Frédéric fut bientôt prêt. Les duels entre étudians sont si fréquens et ont lieu pour des causes si légères, qu’il suivit son ami sans même s’informer du motif de celui auquel il se rendait. Quand ils furent dans la rue, Antonio le mit au fait en peu de mots. La veille, après avoir vainement cherché la fugitive, il revint dans la ville et se rendit au lieu de réunion ordinaire des étudians. Comme il allait entrer, le nom de Mme de Rendorf, prononcé assez haut et suivi de nombreux éclats de rire, frappa son oreille. La comtesse servait en ce moment de texte aux plaisanteries plus ou moins attiques des étudians.

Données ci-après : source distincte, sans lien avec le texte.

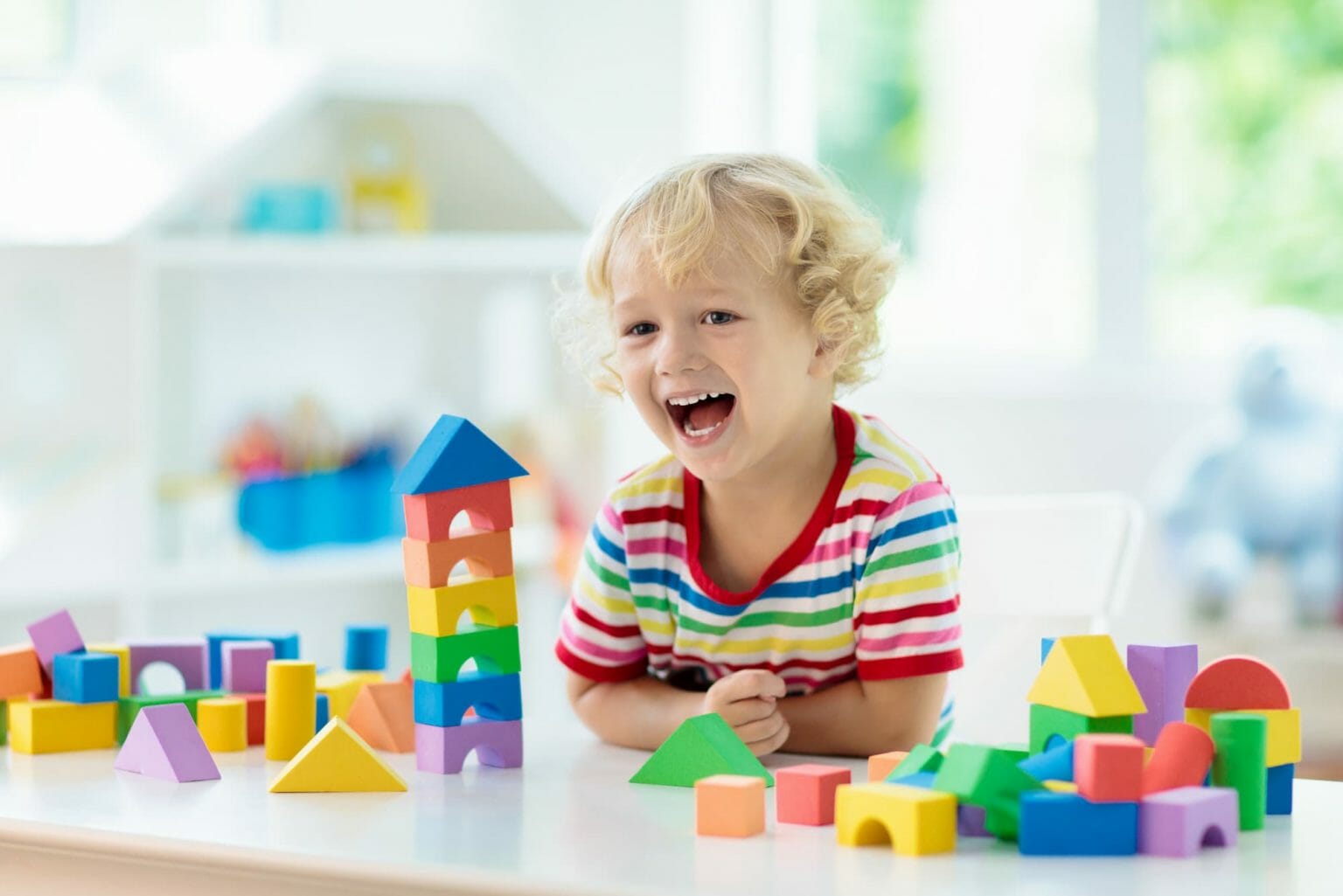 A child playing with building blocks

— Je ne dissimulerai pas avec toi, dit Antonio. Me montrer et la défendre ouvertement, c’était la compromettre ; que devais-je faire ? J’étais rempli de ressentiment ; pourtant je me contins et j’entrai d’un air assez calme ; mais j’avais remarqué que les sarcasmes de Franz étaient les plus acérés ; je me promis de me venger sur lui. Tu connais sa vanité, le ton tranchant de ses décisions :? je le contredis sur tout ; il se fâcha, je continuai, et… nous nous battons ce matin.

— J’aurais agi comme toi, répondit Frédéric ; celui qui perd sa maîtresse en la-défendant mal à propos est un maladroit ; celui qui ne la vengerait pas serait un lâche.